== Segment start ==
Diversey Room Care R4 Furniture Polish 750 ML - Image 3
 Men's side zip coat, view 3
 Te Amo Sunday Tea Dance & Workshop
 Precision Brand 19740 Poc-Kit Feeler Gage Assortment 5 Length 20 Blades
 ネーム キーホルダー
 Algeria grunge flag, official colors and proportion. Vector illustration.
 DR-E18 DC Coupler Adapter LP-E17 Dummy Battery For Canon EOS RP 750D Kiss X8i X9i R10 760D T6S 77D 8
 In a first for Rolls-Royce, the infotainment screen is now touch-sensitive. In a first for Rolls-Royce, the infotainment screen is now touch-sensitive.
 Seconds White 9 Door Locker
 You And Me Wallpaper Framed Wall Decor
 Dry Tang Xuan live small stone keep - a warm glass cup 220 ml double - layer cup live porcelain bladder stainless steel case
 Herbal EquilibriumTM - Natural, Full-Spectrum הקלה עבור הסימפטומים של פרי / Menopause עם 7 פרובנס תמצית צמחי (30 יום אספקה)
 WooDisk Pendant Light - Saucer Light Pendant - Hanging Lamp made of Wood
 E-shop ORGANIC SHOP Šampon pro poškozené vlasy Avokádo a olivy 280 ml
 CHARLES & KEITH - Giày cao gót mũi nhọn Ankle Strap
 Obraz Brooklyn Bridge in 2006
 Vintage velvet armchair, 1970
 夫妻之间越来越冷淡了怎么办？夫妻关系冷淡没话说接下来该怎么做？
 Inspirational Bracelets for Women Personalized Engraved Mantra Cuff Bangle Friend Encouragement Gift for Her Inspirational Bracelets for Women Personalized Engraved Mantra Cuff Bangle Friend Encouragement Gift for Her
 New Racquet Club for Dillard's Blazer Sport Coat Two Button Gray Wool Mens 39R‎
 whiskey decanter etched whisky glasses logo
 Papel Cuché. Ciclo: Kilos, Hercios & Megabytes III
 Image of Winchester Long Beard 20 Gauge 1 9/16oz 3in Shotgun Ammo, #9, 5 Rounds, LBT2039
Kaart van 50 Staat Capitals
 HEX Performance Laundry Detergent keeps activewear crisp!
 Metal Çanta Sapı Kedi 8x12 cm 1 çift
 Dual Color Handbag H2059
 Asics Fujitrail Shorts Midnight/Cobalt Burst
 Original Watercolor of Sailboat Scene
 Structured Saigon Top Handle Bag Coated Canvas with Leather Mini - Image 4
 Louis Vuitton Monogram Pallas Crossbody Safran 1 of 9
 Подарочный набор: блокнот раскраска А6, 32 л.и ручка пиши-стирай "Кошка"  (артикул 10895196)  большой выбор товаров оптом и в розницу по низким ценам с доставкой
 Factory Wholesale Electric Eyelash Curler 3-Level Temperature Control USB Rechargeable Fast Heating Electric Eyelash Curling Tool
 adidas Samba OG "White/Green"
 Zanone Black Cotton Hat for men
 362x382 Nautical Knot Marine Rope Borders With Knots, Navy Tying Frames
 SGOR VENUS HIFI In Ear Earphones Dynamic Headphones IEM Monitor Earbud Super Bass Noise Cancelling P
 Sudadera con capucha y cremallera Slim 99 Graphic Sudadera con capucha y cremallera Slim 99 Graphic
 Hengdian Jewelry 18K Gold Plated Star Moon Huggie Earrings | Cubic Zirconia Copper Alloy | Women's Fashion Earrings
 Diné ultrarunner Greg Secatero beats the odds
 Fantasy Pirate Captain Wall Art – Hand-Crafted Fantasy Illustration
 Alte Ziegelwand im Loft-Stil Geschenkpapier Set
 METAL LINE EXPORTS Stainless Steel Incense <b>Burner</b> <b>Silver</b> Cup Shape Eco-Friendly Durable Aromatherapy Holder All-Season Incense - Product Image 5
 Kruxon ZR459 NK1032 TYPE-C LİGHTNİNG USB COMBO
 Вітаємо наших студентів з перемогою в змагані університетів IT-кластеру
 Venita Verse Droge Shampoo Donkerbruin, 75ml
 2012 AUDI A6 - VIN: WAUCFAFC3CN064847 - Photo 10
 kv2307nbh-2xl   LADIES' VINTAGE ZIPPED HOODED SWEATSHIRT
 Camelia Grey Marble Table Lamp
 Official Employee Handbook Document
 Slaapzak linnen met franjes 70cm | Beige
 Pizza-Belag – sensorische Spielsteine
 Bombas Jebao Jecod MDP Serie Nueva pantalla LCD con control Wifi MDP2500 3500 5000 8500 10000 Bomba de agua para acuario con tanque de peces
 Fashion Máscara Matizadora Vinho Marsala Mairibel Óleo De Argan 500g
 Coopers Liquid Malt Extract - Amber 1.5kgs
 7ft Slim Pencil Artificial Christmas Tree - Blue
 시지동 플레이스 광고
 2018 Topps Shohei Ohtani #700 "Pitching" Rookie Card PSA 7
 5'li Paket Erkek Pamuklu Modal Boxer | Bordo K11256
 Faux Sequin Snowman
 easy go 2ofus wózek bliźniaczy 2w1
== Segment end ==
> _DIRECTIONS FOR THIS TASK_: Copy exactly the lines from the top of the entries through the line with "夫妻之间越来越冷淡了怎么办？夫妻关系冷淡没话说接下来该怎么做？" in it, please, keeping both ends and adding nothing.

> _TASK RESULT_:
Diversey Room Care R4 Furniture Polish 750 ML - Image 3
 Men's side zip coat, view 3
 Te Amo Sunday Tea Dance & Workshop
 Precision Brand 19740 Poc-Kit Feeler Gage Assortment 5 Length 20 Blades
 ネーム キーホルダー
 Algeria grunge flag, official colors and proportion. Vector illustration.
 DR-E18 DC Coupler Adapter LP-E17 Dummy Battery For Canon EOS RP 750D Kiss X8i X9i R10 760D T6S 77D 8
 In a first for Rolls-Royce, the infotainment screen is now touch-sensitive. In a first for Rolls-Royce, the infotainment screen is now touch-sensitive.
 Seconds White 9 Door Locker
 You And Me Wallpaper Framed Wall Decor
 Dry Tang Xuan live small stone keep - a warm glass cup 220 ml double - layer cup live porcelain bladder stainless steel case
 Herbal EquilibriumTM - Natural, Full-Spectrum הקלה עבור הסימפטומים של פרי / Menopause עם 7 פרובנס תמצית צמחי (30 יום אספקה)
 WooDisk Pendant Light - Saucer Light Pendant - Hanging Lamp made of Wood
 E-shop ORGANIC SHOP Šampon pro poškozené vlasy Avokádo a olivy 280 ml
 CHARLES & KEITH - Giày cao gót mũi nhọn Ankle Strap
 Obraz Brooklyn Bridge in 2006
 Vintage velvet armchair, 1970
 夫妻之间越来越冷淡了怎么办？夫妻关系冷淡没话说接下来该怎么做？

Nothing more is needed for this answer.